Small business owners are exhausted. They’ve adapted and pivoted and pulled out all the stops over the past 18 months simply to keep their heads above water.
It’s not only the financial losses, as difficult as they are to digest. As Melbourne business owner Phoebe Simmonds recently wrote for SmartCompany, lockdowns also mean the momentum in your business is lost. There is no planning for the future, no moving forward. You are forced to stand still.
It’s true small businesses are the backbone of the economy, employing millions of Australians and contributing significantly to economic activity.
But they are also the heartbeat of our communities.
They sponsor sporting clubs and events. They fundraise for local charities. They team up together when the chips are down.
Imagine what your local area would look like if there were no small businesses. It’s a heartbreaking thought. I know where I live wouldn’t be the same without these small businesses.
That’s why now, more than ever before, we all must do everything in our power to help them through the latest lockdowns and beyond.
The federal government must do more. The state governments must do more. We all must do more.
I urge you to think about every dollar you are spending right now and make it count.
Choose to spend it with a local small business, rather than a multinational corporation who doesn’t care where their next dollar comes from.
Go out of your way to order something from a small business, for yourself or someone you care about.
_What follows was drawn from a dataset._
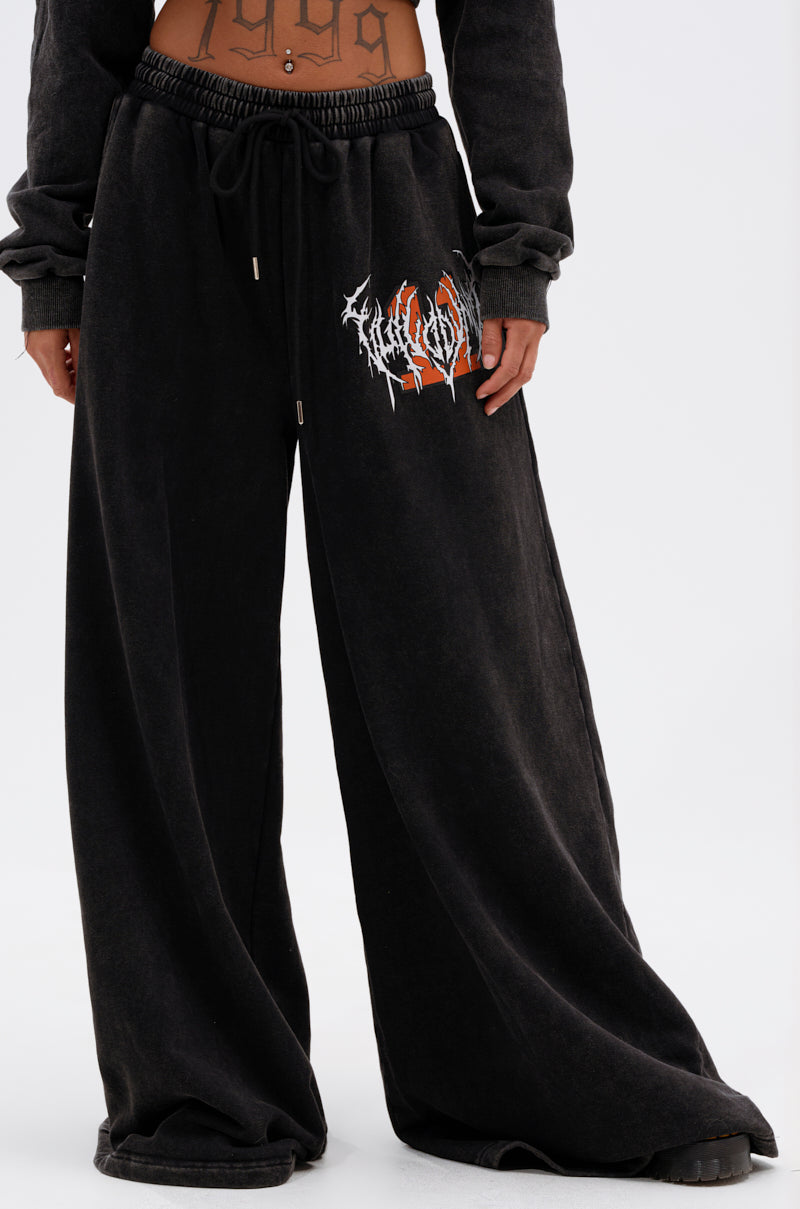 A person wears the LUCKY ELEVEN WIDE LEG JOGGER featuring a white and red graphic on the left thigh, paired with a matching black top. The cropped streetwear shot displays a "1999" tattoo on their lower torso. 2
Follow your local small businesses on Facebook and Instagram and like their posts. Leave them a comment telling them how much their business means to you.
How we respond now, in this moment, will have lasting effects on these businesses and our communities.
As John Winter, chief executive of the Australian Restructuring Insolvency & Turnaround Association, said to me on Twitter last night, “support the businesses you want to be there at the end of all of this”.
“If you don’t do it now, they won’t be there later.”